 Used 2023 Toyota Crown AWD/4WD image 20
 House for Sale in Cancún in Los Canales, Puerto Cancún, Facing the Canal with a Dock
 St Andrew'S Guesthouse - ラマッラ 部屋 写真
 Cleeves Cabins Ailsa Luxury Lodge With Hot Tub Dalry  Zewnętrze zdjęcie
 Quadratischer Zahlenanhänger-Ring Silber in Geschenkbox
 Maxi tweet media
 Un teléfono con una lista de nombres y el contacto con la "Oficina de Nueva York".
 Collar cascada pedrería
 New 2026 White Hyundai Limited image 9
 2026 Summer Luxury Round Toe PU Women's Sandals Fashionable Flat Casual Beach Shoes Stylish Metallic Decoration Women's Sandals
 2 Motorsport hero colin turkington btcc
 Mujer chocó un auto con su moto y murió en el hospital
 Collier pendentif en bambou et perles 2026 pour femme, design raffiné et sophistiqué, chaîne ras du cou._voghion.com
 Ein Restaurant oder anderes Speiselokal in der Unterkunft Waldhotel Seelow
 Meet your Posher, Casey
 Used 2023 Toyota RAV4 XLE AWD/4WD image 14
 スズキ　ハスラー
■ ■ ■ ■ ■
## Aim of the task:
Would you transcribe, exactly, the lines running from the one that contains "Collar cascada pedrería" through the final line of the listing above? Include both ends and nothing else.

## Exercise result:
 Collar cascada pedrería
 New 2026 White Hyundai Limited image 9
 2026 Summer Luxury Round Toe PU Women's Sandals Fashionable Flat Casual Beach Shoes Stylish Metallic Decoration Women's Sandals
 2 Motorsport hero colin turkington btcc
 Mujer chocó un auto con su moto y murió en el hospital
 Collier pendentif en bambou et perles 2026 pour femme, design raffiné et sophistiqué, chaîne ras du cou._voghion.com
 Ein Restaurant oder anderes Speiselokal in der Unterkunft Waldhotel Seelow
 Meet your Posher, Casey
 Used 2023 Toyota RAV4 XLE AWD/4WD image 14
 スズキ　ハスラー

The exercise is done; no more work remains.